## Provided data
=====

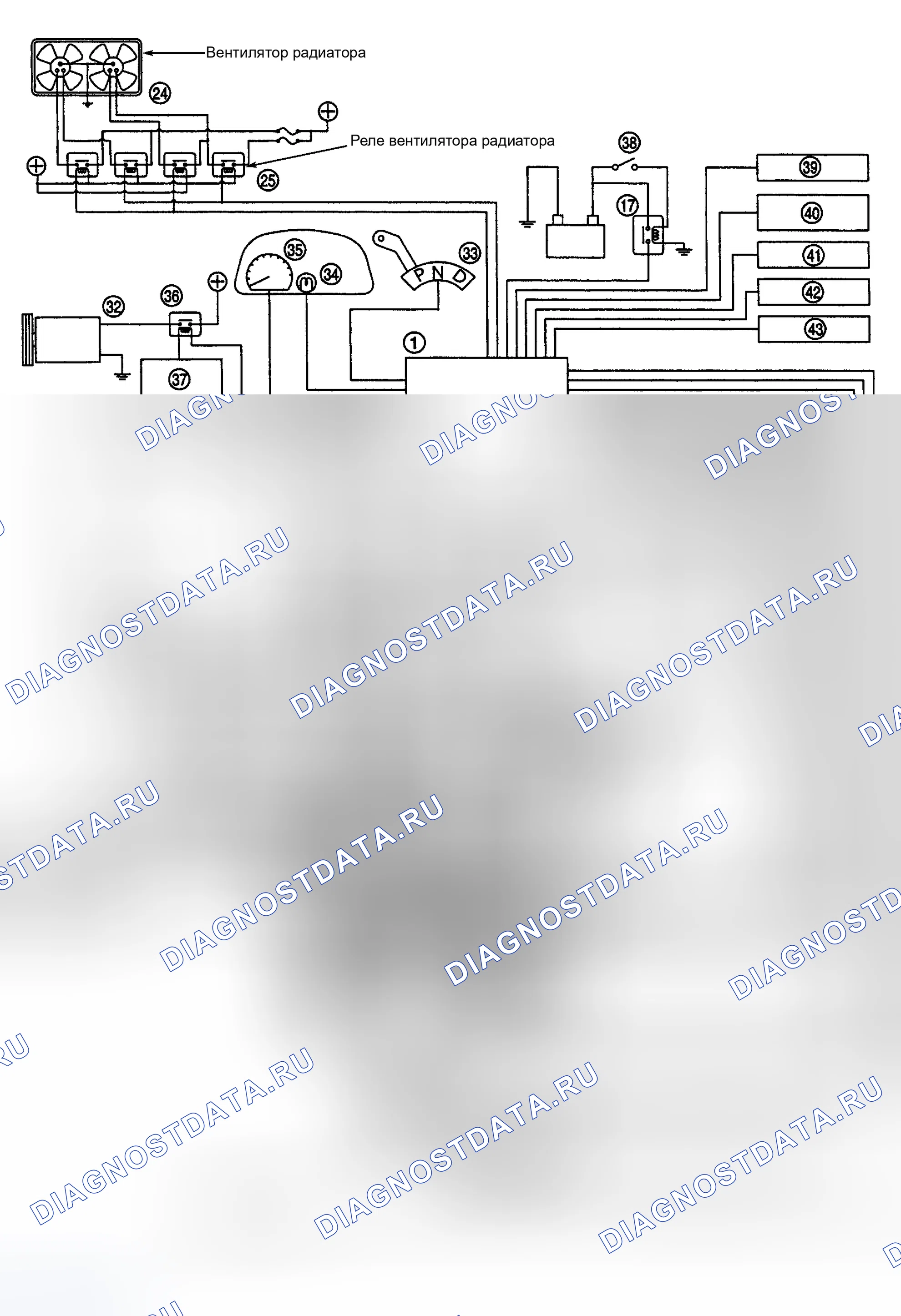 Рис. 28: СИСТЕМЫ ДВИГАТЕЛЯ. Subaru Impreza GC/GF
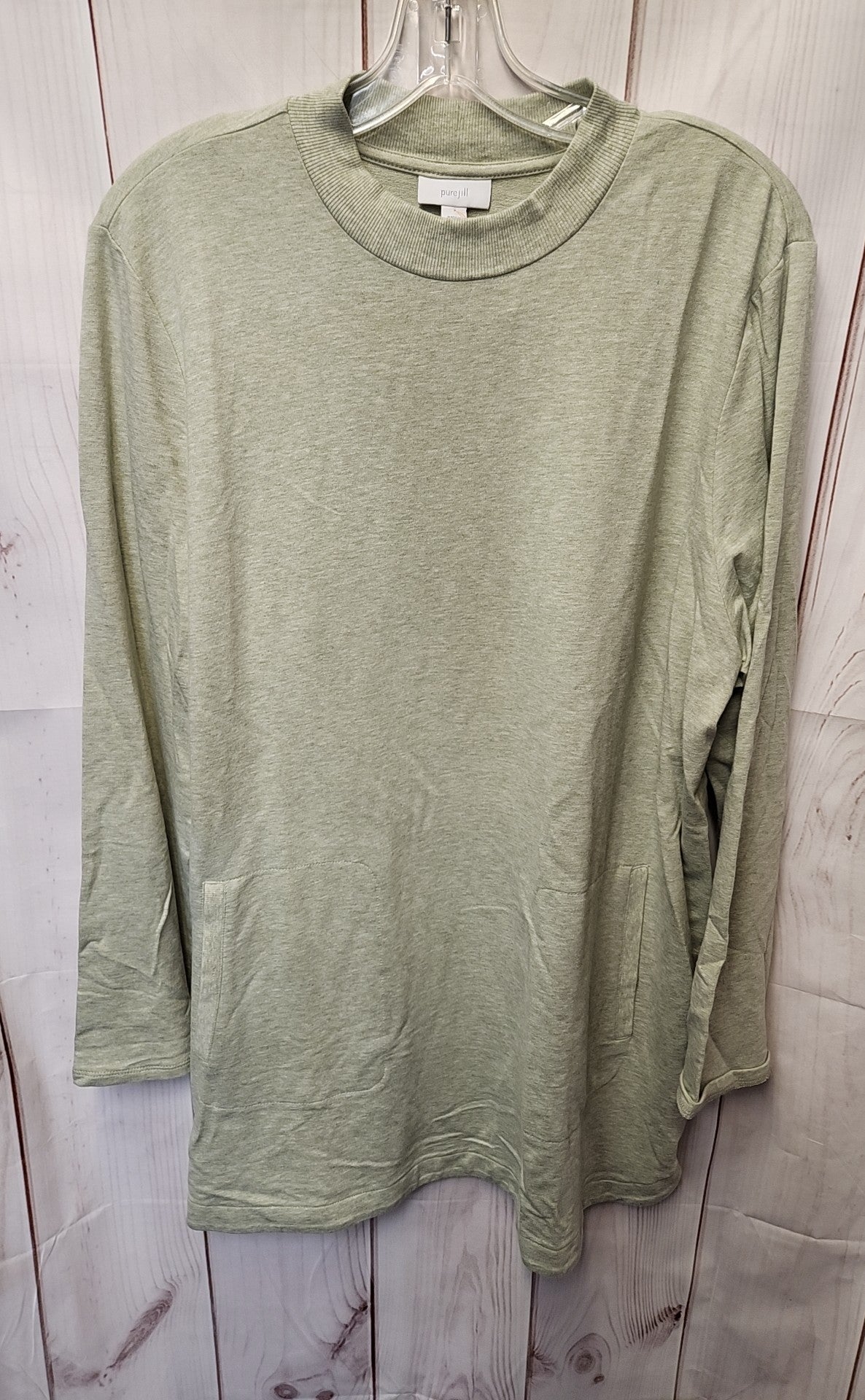Pure Jill Women's Size XL Green Long Sleeve Top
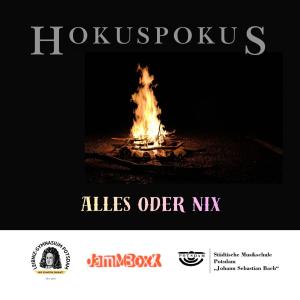 Ein CD Cover: Wir sehen ein fotografiertes Lagerfeuer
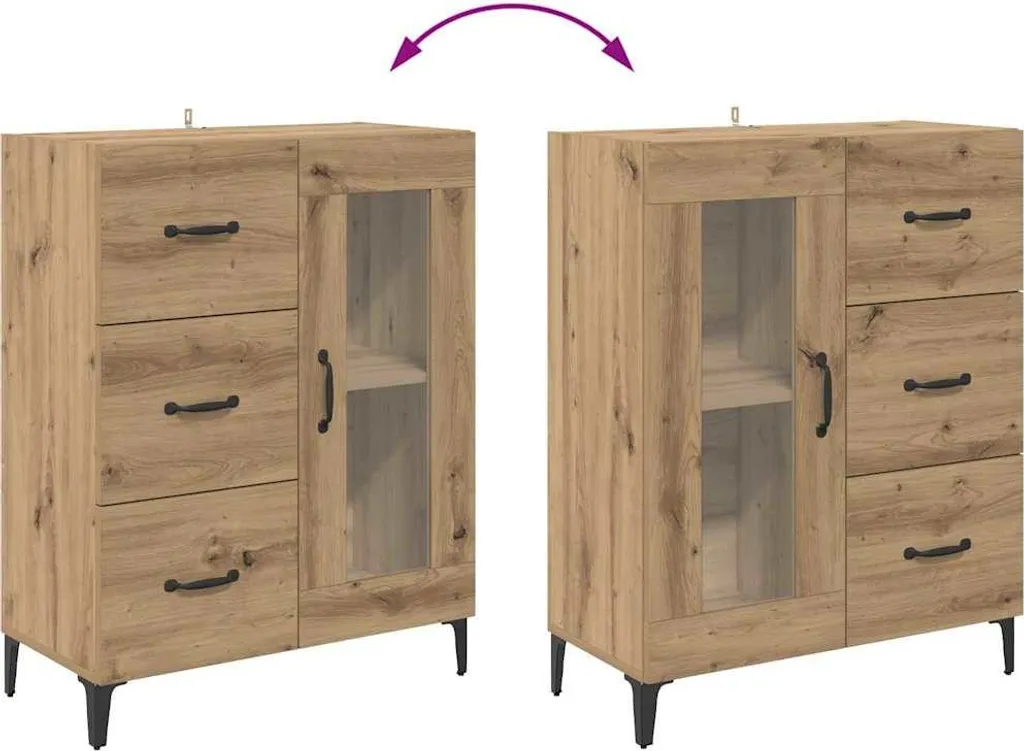 Credenza Industrial Artisan Rovere 69,5x90 | Mobile Multiuso Offerta Online - 10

=====

## Task item
Copy exactly, and copy nothing else: the lines from the one containing "Pure Jill Women's" through the end of the data, both ends included, with pictures left out.

## Response area
Pure Jill Women's Size XL Green Long Sleeve Top
 Ein CD Cover: Wir sehen ein fotografiertes Lagerfeuer
 Credenza Industrial Artisan Rovere 69,5x90 | Mobile Multiuso Offerta Online - 10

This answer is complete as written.